Exactly the lines below from the line with "Scotch & Soda" through the line with "Путин проведет встречу" must make up the answer, both ends included and pictures left out.

§ **Records**:
╔══

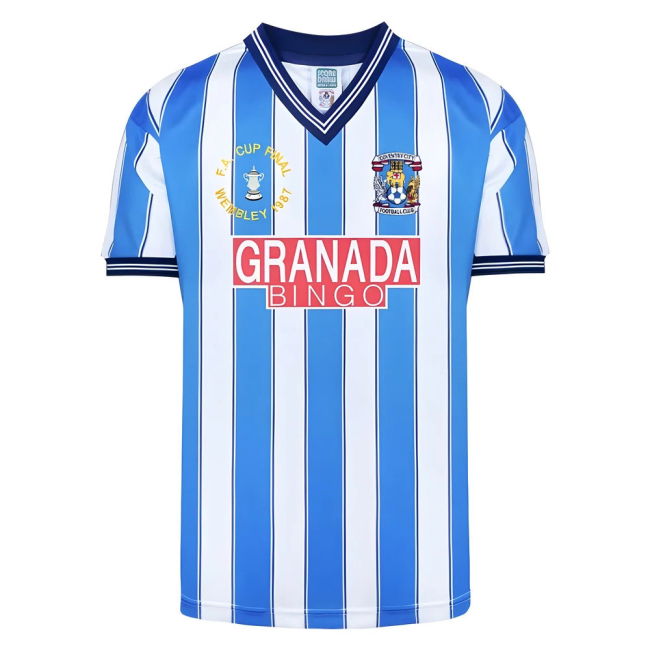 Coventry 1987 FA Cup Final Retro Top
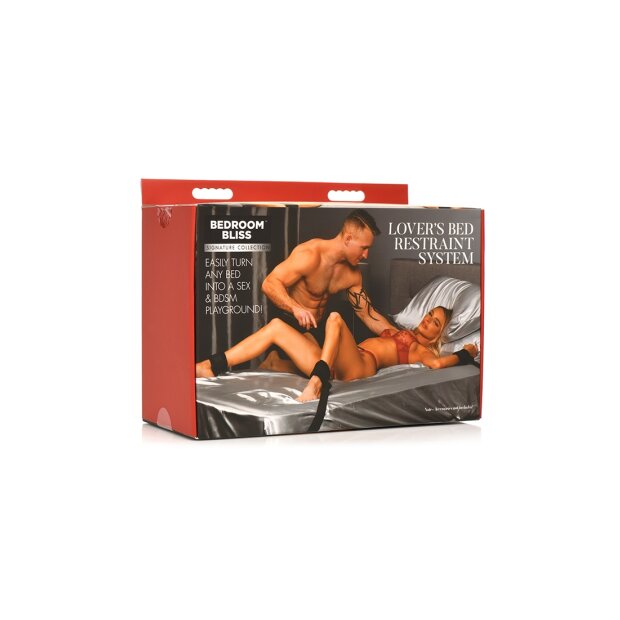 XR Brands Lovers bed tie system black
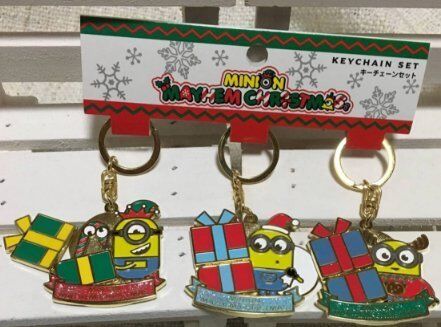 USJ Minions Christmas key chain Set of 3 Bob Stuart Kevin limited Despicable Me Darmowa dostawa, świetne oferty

╚══
╔══

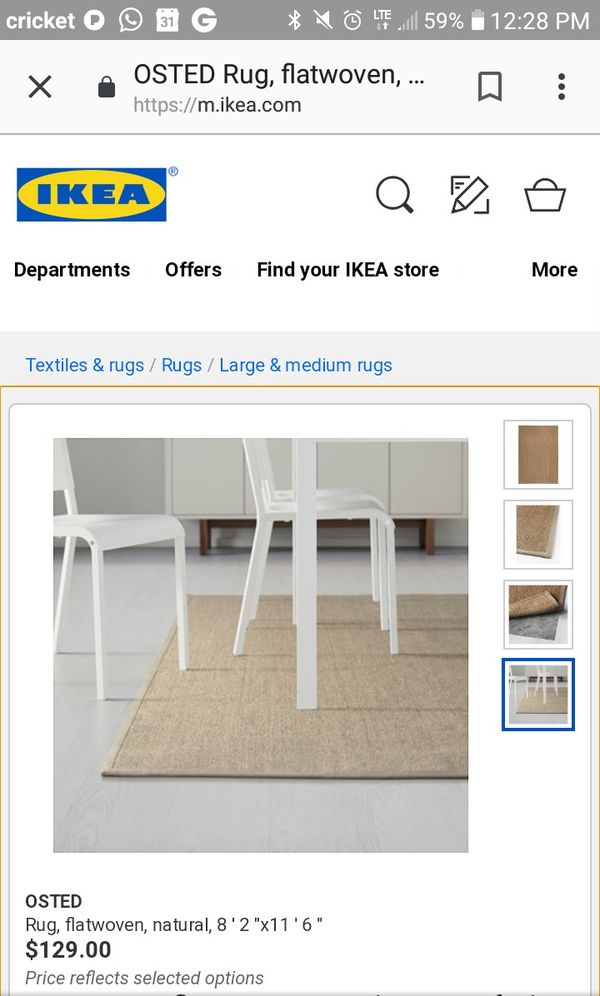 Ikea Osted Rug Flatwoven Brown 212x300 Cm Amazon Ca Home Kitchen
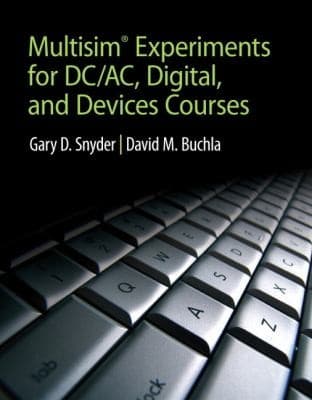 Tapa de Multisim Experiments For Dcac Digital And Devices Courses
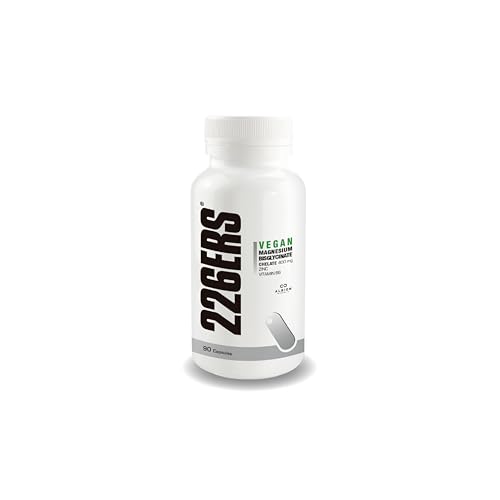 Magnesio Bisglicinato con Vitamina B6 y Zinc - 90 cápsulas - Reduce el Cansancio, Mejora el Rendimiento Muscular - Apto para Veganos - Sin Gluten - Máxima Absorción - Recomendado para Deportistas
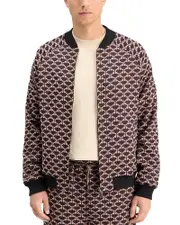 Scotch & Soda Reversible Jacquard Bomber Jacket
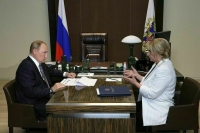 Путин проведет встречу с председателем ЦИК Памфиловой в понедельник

╚══

§ **Reply**:
 Scotch & Soda Reversible Jacquard Bomber Jacket
 Путин проведет встречу с председателем ЦИК Памфиловой в понедельник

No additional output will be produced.